What you should do: Set down, please, exactly the lines below that run from the line with "Waterfront cottage, 1.5hr" to the line with "142) Interesting Original", both lines included.

Brief descriptive captions:

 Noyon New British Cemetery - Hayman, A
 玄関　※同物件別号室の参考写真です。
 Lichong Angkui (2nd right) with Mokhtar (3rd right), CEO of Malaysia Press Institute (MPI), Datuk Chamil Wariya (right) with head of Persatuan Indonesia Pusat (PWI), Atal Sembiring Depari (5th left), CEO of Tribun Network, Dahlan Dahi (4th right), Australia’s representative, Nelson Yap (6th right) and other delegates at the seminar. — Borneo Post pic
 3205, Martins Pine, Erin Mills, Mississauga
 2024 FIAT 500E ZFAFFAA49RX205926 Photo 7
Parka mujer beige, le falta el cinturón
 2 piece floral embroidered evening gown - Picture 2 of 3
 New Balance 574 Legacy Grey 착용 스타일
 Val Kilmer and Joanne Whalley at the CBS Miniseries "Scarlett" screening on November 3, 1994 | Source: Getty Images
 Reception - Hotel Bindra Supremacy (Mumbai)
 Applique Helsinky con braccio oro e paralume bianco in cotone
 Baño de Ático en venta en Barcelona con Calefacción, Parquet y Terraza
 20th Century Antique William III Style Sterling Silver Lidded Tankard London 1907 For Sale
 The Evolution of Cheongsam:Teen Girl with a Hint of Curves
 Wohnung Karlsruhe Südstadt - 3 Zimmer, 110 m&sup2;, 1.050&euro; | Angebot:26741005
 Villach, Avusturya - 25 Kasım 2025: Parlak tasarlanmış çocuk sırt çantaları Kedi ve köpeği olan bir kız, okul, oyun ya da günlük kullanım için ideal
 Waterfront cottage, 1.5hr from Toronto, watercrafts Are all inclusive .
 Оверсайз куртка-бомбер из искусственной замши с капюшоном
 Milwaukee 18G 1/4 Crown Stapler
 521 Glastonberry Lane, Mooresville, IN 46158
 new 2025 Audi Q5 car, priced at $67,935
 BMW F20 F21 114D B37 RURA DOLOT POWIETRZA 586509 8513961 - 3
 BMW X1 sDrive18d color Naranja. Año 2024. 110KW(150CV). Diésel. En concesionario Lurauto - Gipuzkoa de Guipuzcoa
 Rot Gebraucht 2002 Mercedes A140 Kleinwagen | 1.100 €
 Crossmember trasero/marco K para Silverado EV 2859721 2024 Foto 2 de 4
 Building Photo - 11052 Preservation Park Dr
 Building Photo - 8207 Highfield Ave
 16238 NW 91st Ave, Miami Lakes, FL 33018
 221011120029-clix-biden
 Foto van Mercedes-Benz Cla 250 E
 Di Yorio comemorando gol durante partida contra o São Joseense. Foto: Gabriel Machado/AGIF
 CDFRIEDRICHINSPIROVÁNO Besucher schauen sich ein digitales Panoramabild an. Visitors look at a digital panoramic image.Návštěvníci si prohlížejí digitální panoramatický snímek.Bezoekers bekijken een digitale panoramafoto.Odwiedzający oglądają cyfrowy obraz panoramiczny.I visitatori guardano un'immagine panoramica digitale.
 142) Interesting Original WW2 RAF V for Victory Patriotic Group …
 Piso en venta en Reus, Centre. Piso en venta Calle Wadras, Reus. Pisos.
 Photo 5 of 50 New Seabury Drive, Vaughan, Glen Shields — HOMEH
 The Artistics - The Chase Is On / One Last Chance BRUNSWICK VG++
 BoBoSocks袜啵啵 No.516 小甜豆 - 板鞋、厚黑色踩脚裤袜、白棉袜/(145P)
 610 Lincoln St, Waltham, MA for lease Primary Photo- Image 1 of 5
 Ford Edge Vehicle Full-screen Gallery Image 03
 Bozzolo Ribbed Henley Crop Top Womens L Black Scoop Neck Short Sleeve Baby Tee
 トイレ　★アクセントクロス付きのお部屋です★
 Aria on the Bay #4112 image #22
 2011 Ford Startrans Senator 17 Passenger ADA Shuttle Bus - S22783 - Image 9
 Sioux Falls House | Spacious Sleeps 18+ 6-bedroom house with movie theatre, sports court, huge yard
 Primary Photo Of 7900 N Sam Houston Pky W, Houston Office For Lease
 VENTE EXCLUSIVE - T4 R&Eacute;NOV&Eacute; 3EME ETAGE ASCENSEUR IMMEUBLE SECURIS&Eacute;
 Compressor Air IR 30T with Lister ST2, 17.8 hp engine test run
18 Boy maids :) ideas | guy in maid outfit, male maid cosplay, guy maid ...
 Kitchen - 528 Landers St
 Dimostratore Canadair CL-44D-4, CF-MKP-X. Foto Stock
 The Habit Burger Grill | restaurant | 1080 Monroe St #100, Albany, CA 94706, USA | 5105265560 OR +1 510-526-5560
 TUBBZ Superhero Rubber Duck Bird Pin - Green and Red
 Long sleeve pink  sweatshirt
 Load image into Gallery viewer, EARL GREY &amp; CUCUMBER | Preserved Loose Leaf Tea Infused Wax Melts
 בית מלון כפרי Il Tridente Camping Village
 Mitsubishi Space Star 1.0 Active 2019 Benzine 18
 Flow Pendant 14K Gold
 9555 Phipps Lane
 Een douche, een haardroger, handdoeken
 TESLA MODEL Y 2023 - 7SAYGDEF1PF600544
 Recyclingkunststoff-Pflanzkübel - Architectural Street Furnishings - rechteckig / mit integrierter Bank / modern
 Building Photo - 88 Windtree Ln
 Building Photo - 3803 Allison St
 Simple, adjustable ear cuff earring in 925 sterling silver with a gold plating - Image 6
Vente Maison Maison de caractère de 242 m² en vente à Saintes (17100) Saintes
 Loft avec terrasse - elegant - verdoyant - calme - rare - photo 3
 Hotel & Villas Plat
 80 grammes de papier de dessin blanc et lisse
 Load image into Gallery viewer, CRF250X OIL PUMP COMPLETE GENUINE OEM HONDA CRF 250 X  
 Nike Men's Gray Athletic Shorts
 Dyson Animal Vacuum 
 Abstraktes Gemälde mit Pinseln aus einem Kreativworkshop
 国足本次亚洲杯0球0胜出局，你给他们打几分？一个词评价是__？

Output for this exercise:
 Waterfront cottage, 1.5hr from Toronto, watercrafts Are all inclusive .
 Оверсайз куртка-бомбер из искусственной замши с капюшоном
 Milwaukee 18G 1/4 Crown Stapler
 521 Glastonberry Lane, Mooresville, IN 46158
 new 2025 Audi Q5 car, priced at $67,935
 BMW F20 F21 114D B37 RURA DOLOT POWIETRZA 586509 8513961 - 3
 BMW X1 sDrive18d color Naranja. Año 2024. 110KW(150CV). Diésel. En concesionario Lurauto - Gipuzkoa de Guipuzcoa
 Rot Gebraucht 2002 Mercedes A140 Kleinwagen | 1.100 €
 Crossmember trasero/marco K para Silverado EV 2859721 2024 Foto 2 de 4
 Building Photo - 11052 Preservation Park Dr
 Building Photo - 8207 Highfield Ave
 16238 NW 91st Ave, Miami Lakes, FL 33018
 221011120029-clix-biden
 Foto van Mercedes-Benz Cla 250 E
 Di Yorio comemorando gol durante partida contra o São Joseense. Foto: Gabriel Machado/AGIF
 CDFRIEDRICHINSPIROVÁNO Besucher schauen sich ein digitales Panoramabild an. Visitors look at a digital panoramic image.Návštěvníci si prohlížejí digitální panoramatický snímek.Bezoekers bekijken een digitale panoramafoto.Odwiedzający oglądają cyfrowy obraz panoramiczny.I visitatori guardano un'immagine panoramica digitale.
 142) Interesting Original WW2 RAF V for Victory Patriotic Group …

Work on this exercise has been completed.